* ASSIGNMENT *
Starting at the line that contains "Sony CDP-M99 cd", reproduce only the lines through the end of the data, exactly, including both the first and the last; skip the pictures.

* Captioned web images *
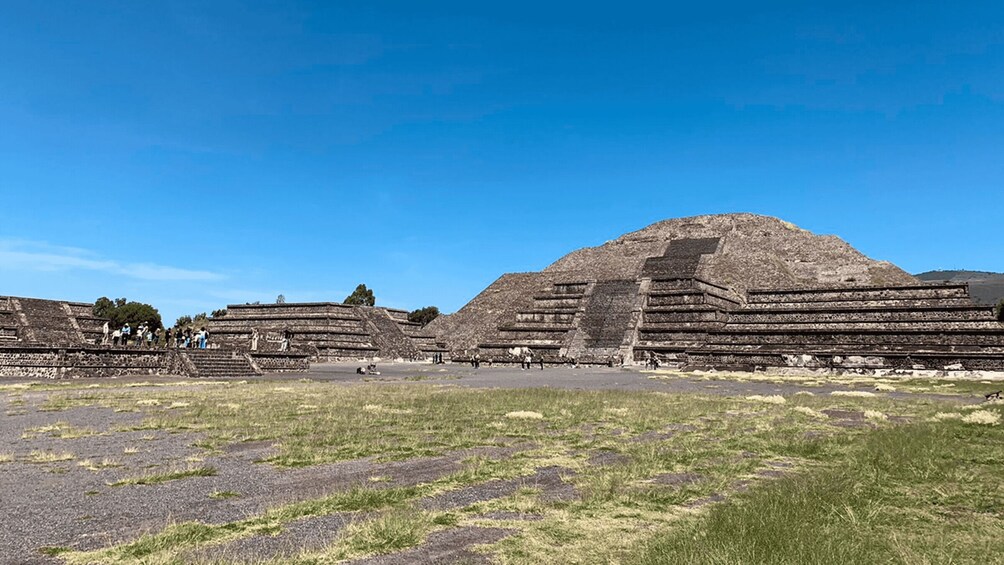 Picture 10 for Activity Mexico City: Teotihuacan, Basílica & Tlatelolco by Van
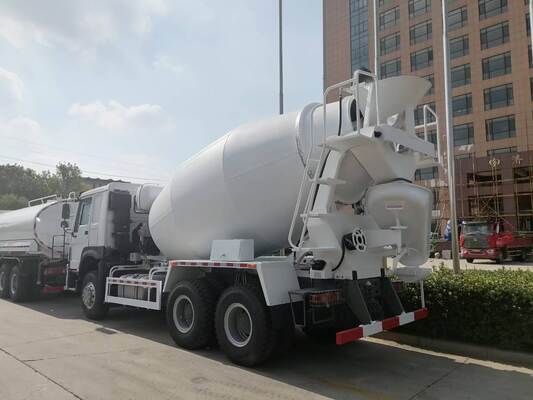 Sinotruk HOWO 8×4 12CBM Concrete Mixer Truck con motore da 371 CV per costruzioni pesanti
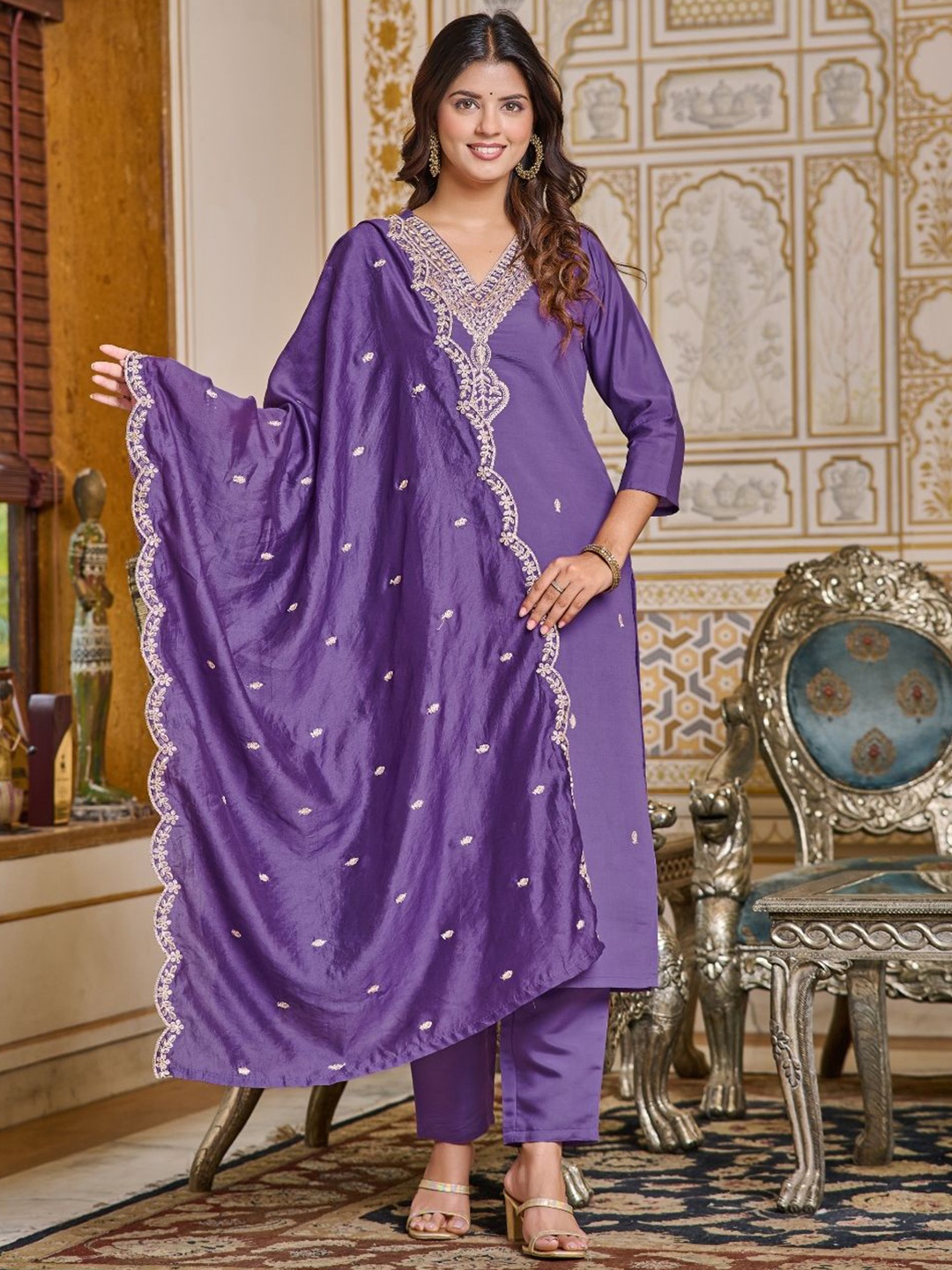 

TOOCHKI Women Ethnic Motifs Embroidered Regular Sequinned Chanderi Silk Kurta with Trousers & With Dupatta, Purple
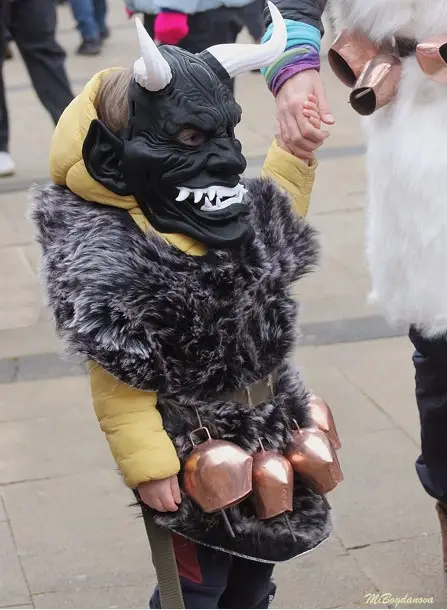 Над 13 000 участници в тазгодишното издание на „Сурва 2026“ (ВИДЕО+СНИМКИ)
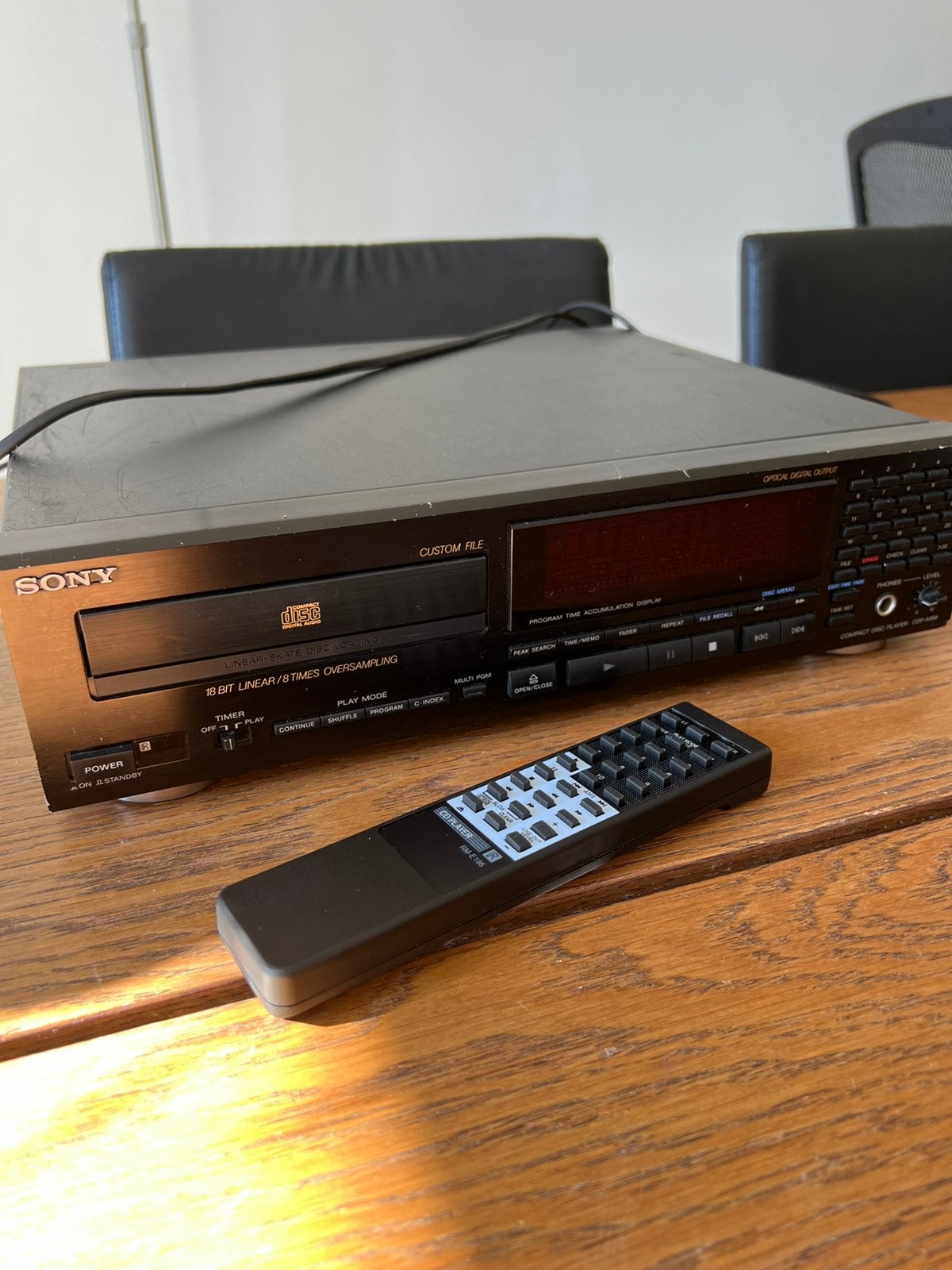 Sony CDP-M99 cd speler met afstandsbediening, Audio, Tv en Foto, Ophalen of Verzenden, Refurbished, Sony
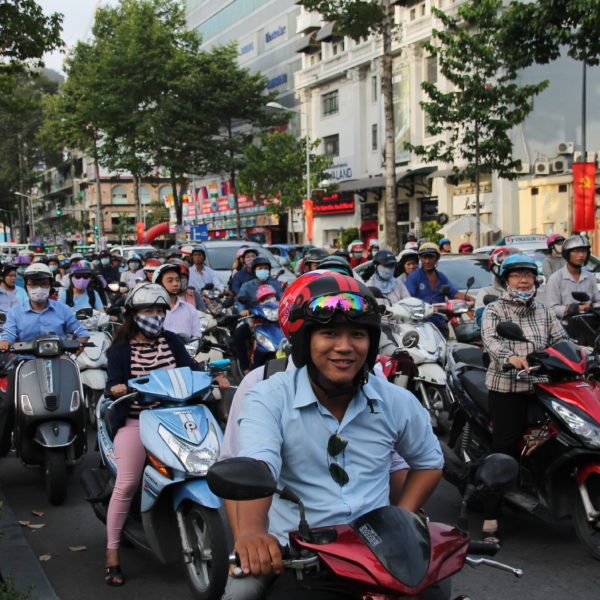 Las motos se agolpan en los semaforos y tienen en muchos casos 2 carriles de uso exclusivo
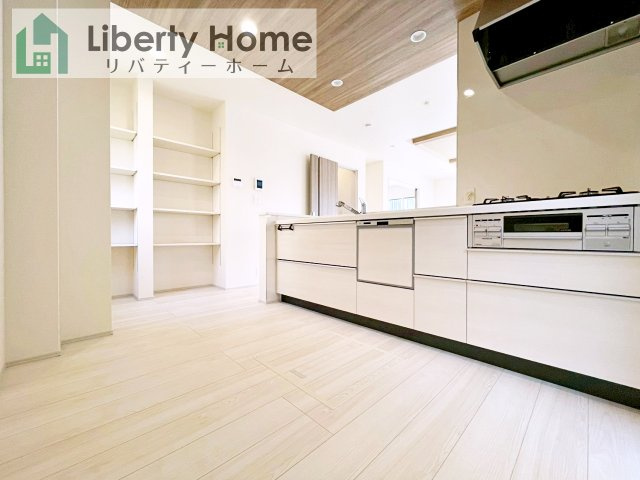 牛久市さくら台1丁目4期　新築戸建　2号棟のキッチン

* SOLVED EXERCISE *
 Sony CDP-M99 cd speler met afstandsbediening, Audio, Tv en Foto, Ophalen of Verzenden, Refurbished, Sony
 Las motos se agolpan en los semaforos y tienen en muchos casos 2 carriles de uso exclusivo
 牛久市さくら台1丁目4期　新築戸建　2号棟のキッチン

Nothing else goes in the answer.